Microvascular Dysfunction in Obesity

2019-09-17 02:47:26 | BioPortfolio


Impaired endothelial function is observed in disease states related to obesity, such as atherosclerosis, coronary artery disease, and diabetes. Reactive oxygen species (ROS) production and resultant oxidative stress contribute to the development of these obesity-related diseases. The enzyme NADPH-oxidase is a major source of oxidative stress within the vasculature, and has been linked with the Metabolic Syndrome. In the investigator's previously funded studies, the investigators demonstrated for the first time that: 1) in vivo ROS were elevated in skeletal muscle of obese as compared to lean or overweight human subjects, 2) perfusion of the NADPH-oxidase inhibitor apocynin locally into muscle normalized ROS levels and reversed local microvascular endothelial dysfunction in the obese individuals, and 3) aerobic exercise training was effective at attenuating in vivo hydrogen peroxide production and reversing microvascular endothelial dysfunction in the obese individuals. The investigators will investigate in this R15 renewal application the mechanism of exercise training-induced alterations in ROS production and action on endothelial dysfunction in obesity using our newly developed microdialysis methodology of monitoring ROS production, in combination with analysis of muscle biopsy samples obtained before and after our previously tested 8-week intervention of aerobic interval exercise training. The objectives of this study are to determine the impact of in vivo NADPH oxidase activity on endothelial function in obese individuals, and to determine the mechanism of training-induced improvements in endothelial function. The investigator's unique microdialysis methodology will allow monitoring of microvascular/endothelial function and ROS generation, as well as the administration of pharmacological agents directly into muscle. The central hypothesis is that it is upregulation of both mitochondrial ROS and NADPH oxidase-derived ROS that results in endothelial dysfunction in obesity, and that exercise training down-regulates mitochondrial-derived ROS, and NADPH oxidase 4, thereby improving endothelial function. The aims of this proposal are to: 1) determine the contributions of mitochondrial ROS and specific NADPH oxidase isoforms to the NADPH oxidase dependent endothelial dysfunction in skeletal muscle of obese individuals; 2) determine the mechanism of ROS reduction and improved endothelial function resulting from an 8-week aerobic interval training program.


Twenty-five sedentary class 2 and above obese [body mass index (BMI) >35 kg/m2, waist circumference >40 inches (men) or >35 inches (women)] men and women (18-45 yrs) will participate in these experiments. Individuals under 18 years of age will not be investigated due to the invasive nature of the protocol.

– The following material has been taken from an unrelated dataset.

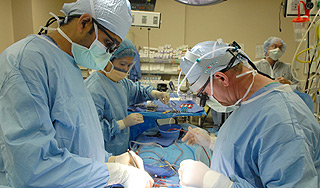 Двое излечились от ВИЧ после операции Двое излечились от ВИЧ после операции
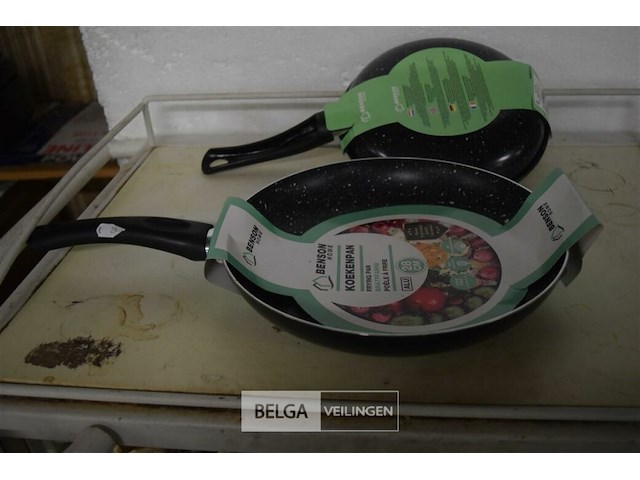 2 pannen ø24cm, ø28 cm - afbeelding 1 van  3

Individuals greater than 45 years of age will not be investigated due to the age-related decline in endothelial function. There will be no restrictions with regard to race, sex, or socioeconomic status. Women will be premenopausal, will be on combined estrogen/progestin hormonal contraceptive therapy (oral pill, transdermal patch or vaginal ring) and will be studied within the seven day inactive (placebo) phase of hormonal contraceptive therapy (comparable to the early follicular phase in the normal menstrual cycle; verified by blood estradiol analyses). Ensuring consistency in studying the women during the phase of hormonal contraceptive therapy with lowest plasma estradiol concentrations is important due to the known positive effects of estradiol on endothelial function. Sedentary obese individuals will have been weight stable for the preceding 6 months, and will have the Metabolic Syndrome. The Metabolic Syndrome will be defined according to the most widely used criteria for the Metabolic Syndrome from the Third Report of the National Cholesterol Education Program Expert Panel on Detection, Evaluation, and Treatment of High Blood Cholesterol in Adults (Adult Treatment Panel III). Individuals with the Metabolic Syndrome have at least three of the following:1) Central obesity as measured by waist circumference (men >40 inches; women >35 inches); 2) Fasting blood triglycerides > 150 mg/dL; 3) Blood HDL cholesterol in men<40 mg/dL and women <50 mg/dL; 4) Blood pressure > 130/85 mmHg; 5) Fasting blood glucose > 110 mg/dL, and (not per ATP III) a 2-hour GTT glucose of 140-200 mg/dl.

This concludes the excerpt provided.